The Ricoh was not designed to handle sub inks, where do you get that? It was designed for pigment inks and office printing.

Is your observation based on actually using a WF1100? 

I've had mine over 1 1/2 years now and been using Epsons for sublimation from the "get go". The WF1100 is the best desktop printer Epson has ever made if you use it for heat transfer. I have no problems with it. 

Go through the threads here compare the number of WF1100 complaints with Ricoh G7000 complaints.

Epson's also use piezo heads BTW, it's not unique to Ricoh. 

The printer is not what is causing the persons problem, he already bought a WF1100 that many of us use sucessfully and you tell him to buy something else without really knowing what his problem is?
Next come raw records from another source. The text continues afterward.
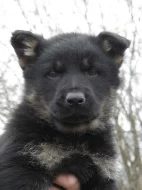 Německý ovčák štěně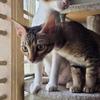 Mocha and Coco - thumbnail 4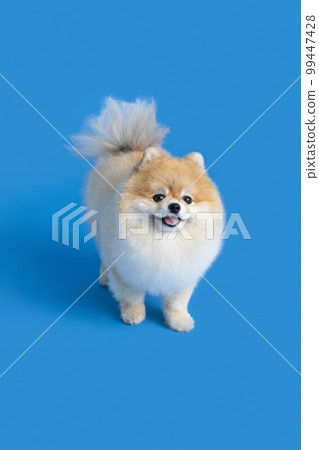 a cute pomeranian dog 99447428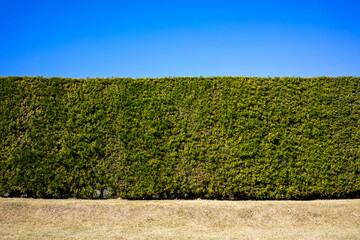 A tall, green, trimmed hedge with a blue sky as copy space above. In the foreground a short, dry,...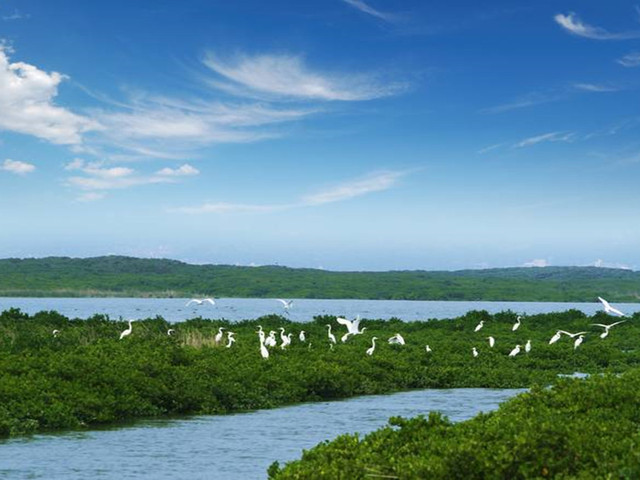            景点 · 海门岛红树林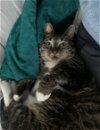 adoptable Cat in adel, IA named Brinkley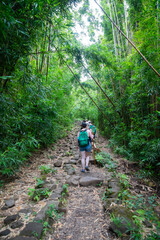 Obraz premium Hikers on path through bamboo forest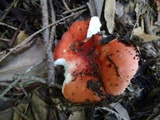 Russula cremoricolor image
Cutting corners and not getting known good inks and papers, a proven profile, and not knowing if his substrate is even suitable for what he is doing are the likely causes of this problem.

The SG Ricoh sub inks represent the latest advances in ink manufacturing, the "legacy" inks from SG including Artanium are 10 year old technology. Ink jet dye and pigment particles can be made much smaller and more consistant today using the latest manufacturing milling and control technology. 
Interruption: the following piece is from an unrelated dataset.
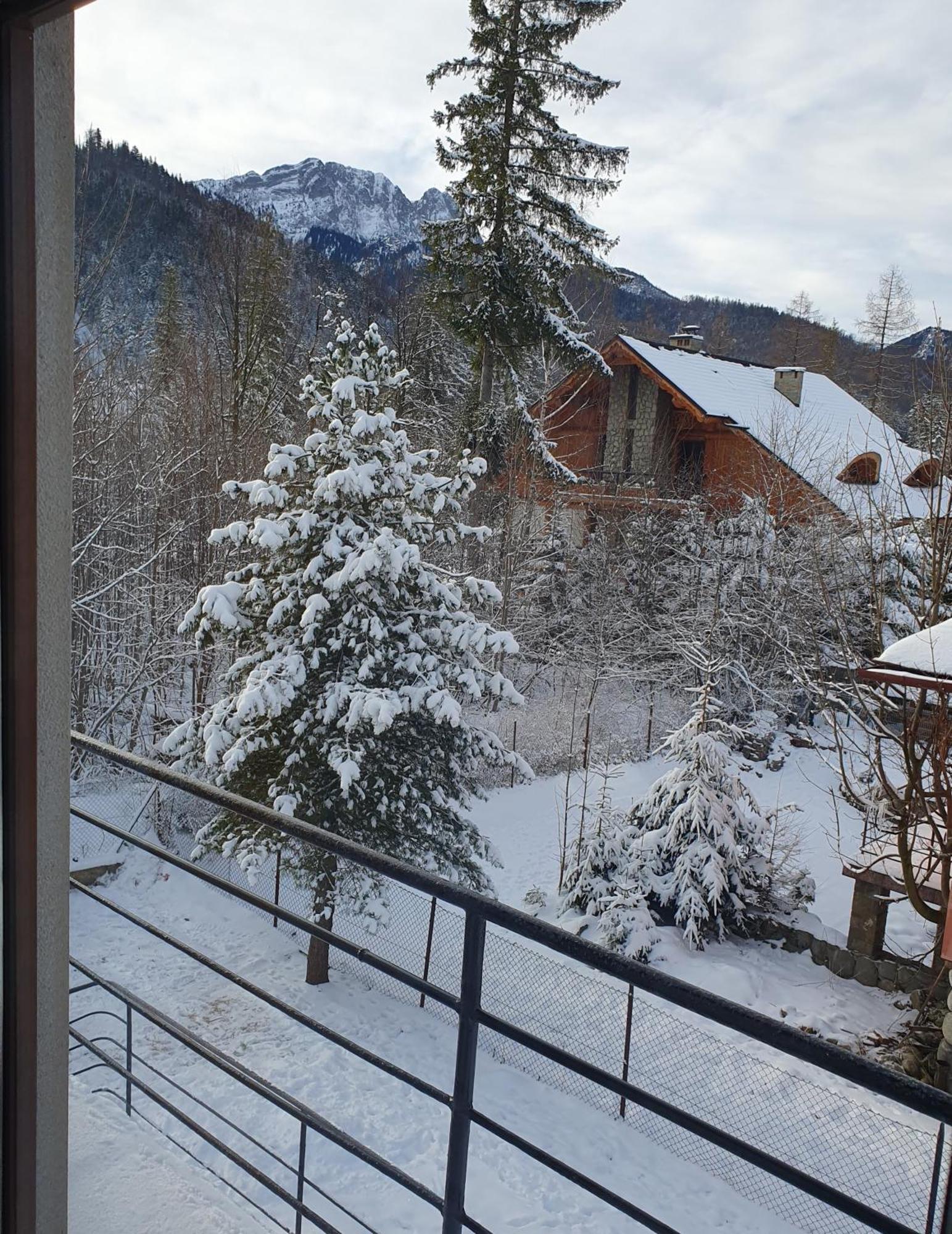 Asteria Apartment Zakopane Phòng bức ảnh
Some of the non-SG sub inks from Italy and places other than China are used in the wide format printers are there NOW with the newer technology. 3 years from now those inks will be in my inexpensive Epson desktop, some I know use them in Epson's now and absolutely love the results.

SG can't go back and replace those "legacy" inks with the "latest and greatest" because they would "break" existing art from customers that reprint the same design job over and over. 

Based on what Ricoh users are reporting, and even a few vendors have stated on other forums, the ink costs SG Ricoh vs SG Epson desktop are about 30 % cheaper. But who controls those costs?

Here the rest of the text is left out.